- ACTION ITEM
In the copy, include no pictures. Reproduce the rest of the entries exactly.

+++ SOURCE RECORDS +++

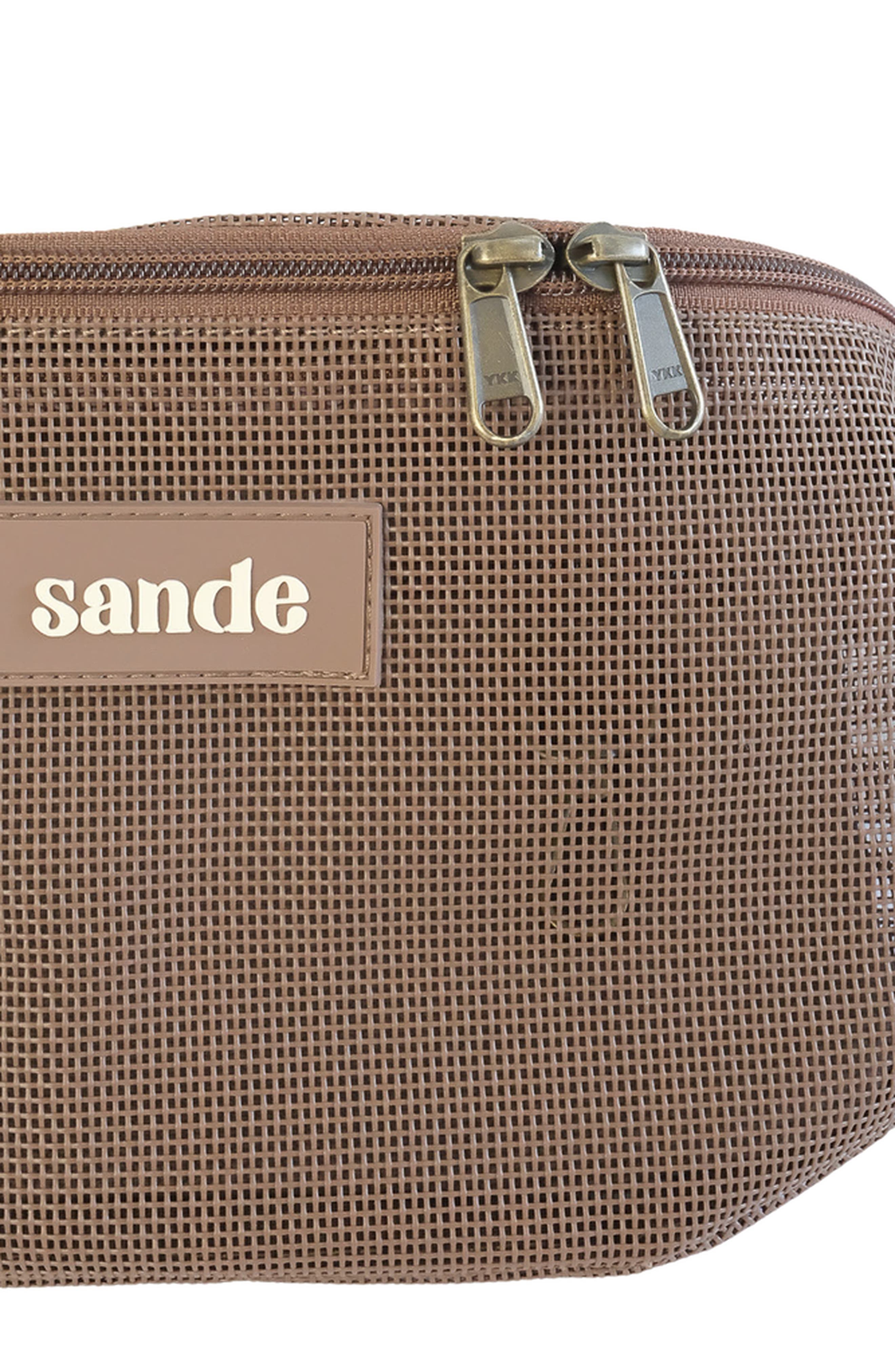 Sande Essentials Crossbody Bag, Alternate, color, Espresso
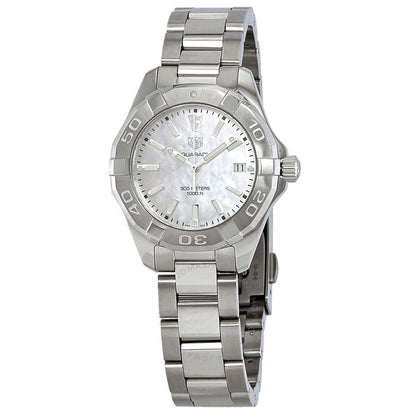 Tag Heuer, Aquaracer Mother of Pearl Dial Ladies Watch
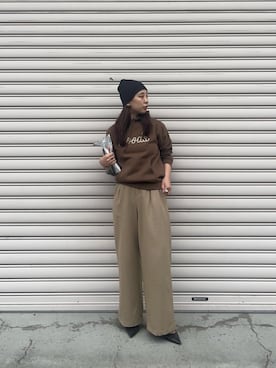 nambaさん（レディース・160cm）の秋コーディネート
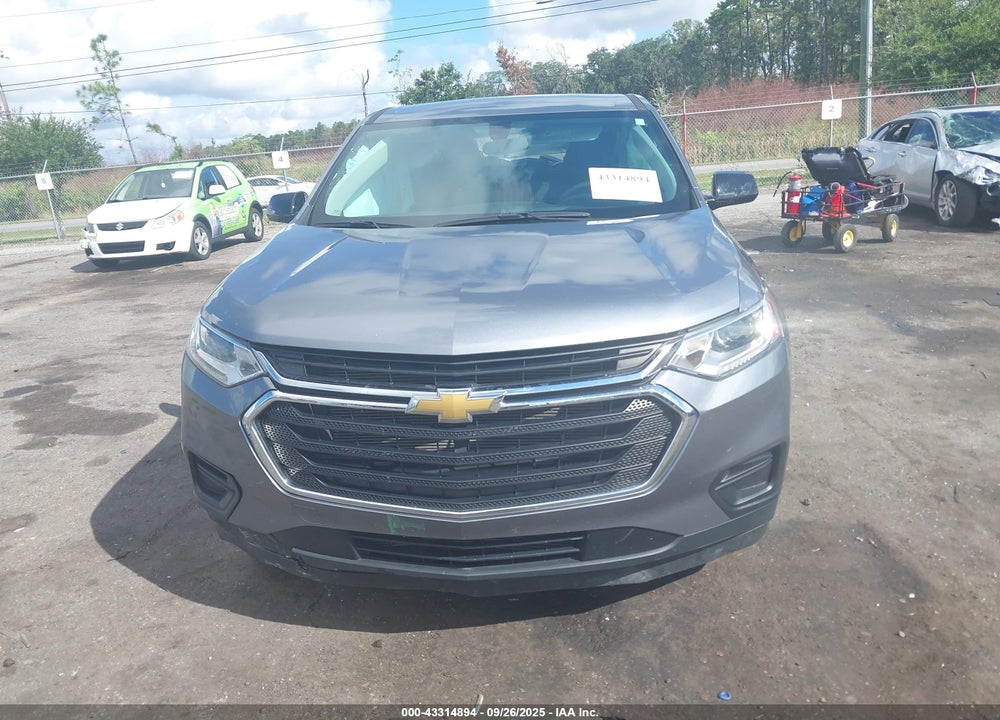 2020 CHEVROLET TRAVERSE VIN: 1GNERFKW1LJ274958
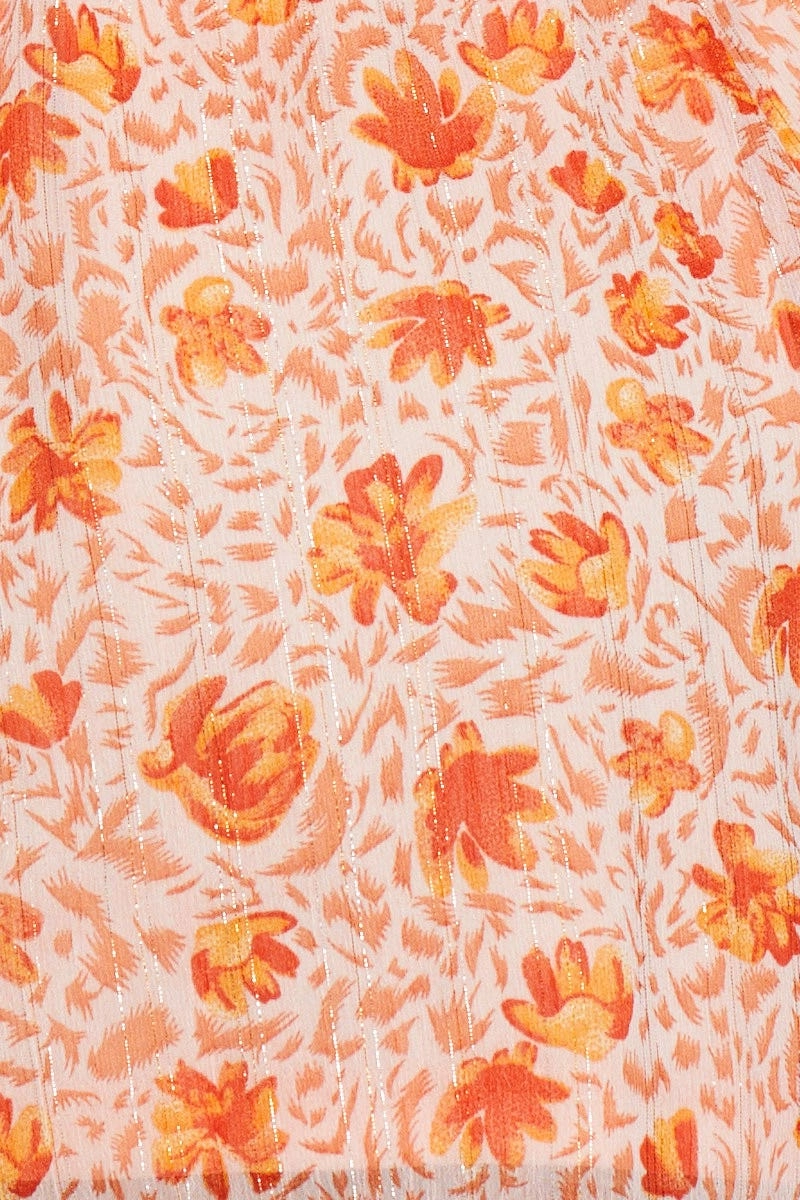 Print Playsuit Short Sleeve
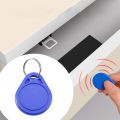 Invisible Hidden RFID Free Opening Intelligent Sensor Cabinet Lock Locker Wardrobe Shoe Cabinet Drawer Door Lock Electronic Dark Lock.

+++

- WORKED SOLUTION
 Sande Essentials Crossbody Bag, Alternate, color, Espresso
 Tag Heuer, Aquaracer Mother of Pearl Dial Ladies Watch
 nambaさん（レディース・160cm）の秋コーディネート
 2020 CHEVROLET TRAVERSE VIN: 1GNERFKW1LJ274958
 Print Playsuit Short Sleeve
 Invisible Hidden RFID Free Opening Intelligent Sensor Cabinet Lock Locker Wardrobe Shoe Cabinet Drawer Door Lock Electronic Dark Lock.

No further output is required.